Aliaga afina su trazo y acierta con su pausado estilo en la elección de cada palabra y frase cuando trata del enfriamiento en una relación, pero también nos toca hablando de la crianza y «el millón de detalles grandes y pequeños que la envuelven». Y el duelo, un duelo por la muerte que llega de golpe, pero también el duelo por un amor consumido por un fuego a medio terminar, por no avivarlo insuflando expectativas o deseos compartidos. La lectura llega y arrastra, y el lector avanza contemplando los restos de un fuego extinguido en el que los troncos quedaron a medio arder, impulsando recuerdos de lo que era y de lo que pudo haber sido, llenando el paisaje de cierta sensación de abandono y escena a medio terminar, o terminada abruptamente. Y la desolación ante la muerte, una tristeza inmensa y constante, que el autor retrata afirmando que «a Chloe no hacía falta buscarla, la encontraba por las calles, en cada gesto despreocupado de felicidad infantil (…) En todas y cada una de las cosas embadurnadas del goce de vivir. Como si el ente de la pequeña se hubiera descompuesto en millones de partículas, presente también en el aire, en la luz filtrada después de llover, en las gotas de rocío, entre los pétalos de las flores (…) otorgando un sentido de conexión y pertenencia a todo lo que todavía era bello, puro y saludable».
El libro que ha escrito Aliaga es un acto de revisionismo de la vida y la muerte desde sus distintos ángulos, desde sus víctimas, ya estén vivas o muertas, que contemplan el descarrilamiento del tren de la vida. De la gestión emocional de lo inevitable y de la responsabilidad asumida en cada uno de sus actos. Es también un libro lleno de dolor, de muerte, de pena, pero no de vacíos, pues el autor se encarga de cubrir aquellos huecos en los que nos dejaríamos caer para sucumbir a los abismos de la tristeza. Él sabe mantenernos a flote, a veces por poco, a veces ya en ese último segundo que evita ahogarnos en lágrimas, siempre cambiando el ritmo de la lectura y centrar de nuevo nuestra atención en la esperanza. Y al autor lo hace de manera brillante, pues teje una excelente mirada narradora que no es para nada trivial, pues el relato desde el punto de vista de una chica muerta le otorga un punto adicional de profundidad, de intimidad y, curiosamente, de extrema verosimilitud. Los personajes que construye Xavier Aliaga partiendo de su punto de vista narrativo son totalmente creíbles y humanos. El autor construye los personajes con la amplitud necesaria para entenderlos (y con ellos entender la historia) pero sin dejar que esa amplitud que abre en lo personal, lo laboral o los antecedentes familiares le hagan perder ni por un solo instante el foco de lo que pretende contar.

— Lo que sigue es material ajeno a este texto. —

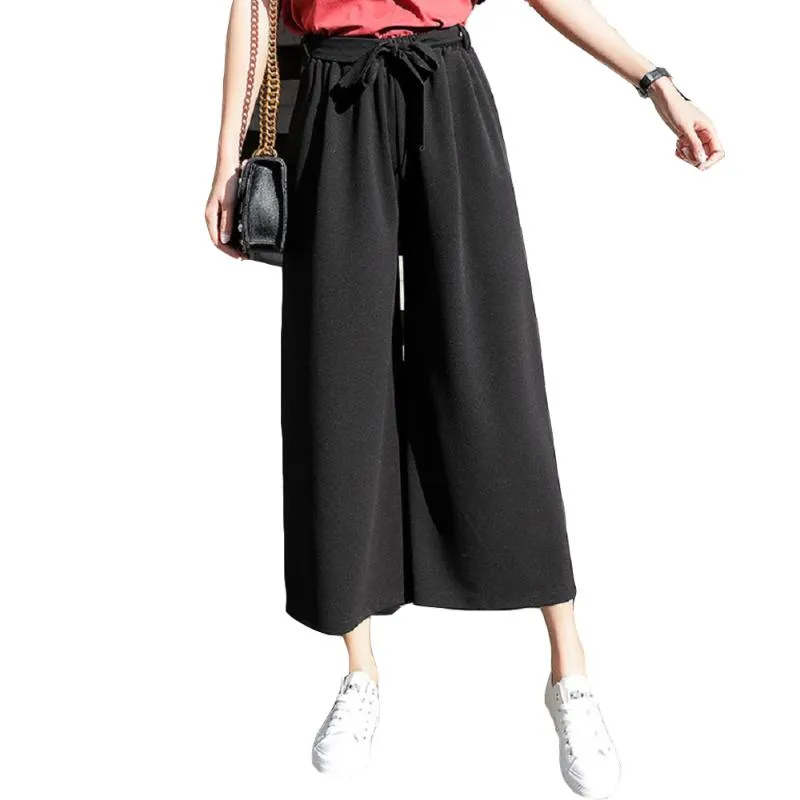 Kvinnors byxor Capris Kvinnor Casual Loose Wide Leg Pant Womens Sashes Elegant Koreansk stil Kvinna Ren Färg Kalvlängd Hög midja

Dice el autor que «el corazón acostumbra a tramitar con retraso las facturas del alma». Algo parecido ocurre con la lectura de este magnífico libro, pues a pesar de que el impacto en su lectura es instantáneo, su profundidad crece después de terminar el libro constatando, no únicamente que se trata de una autor de gran talento sino también que el dolor existe, que la tragedia deja una huella imborrable, pero lo que permanece, al final de todo, son los días vividos y las esperanzas que sostienen la tenacidad de pensar que, tal vez, siga existiendo la vida en cada uno de nuestros recuerdos.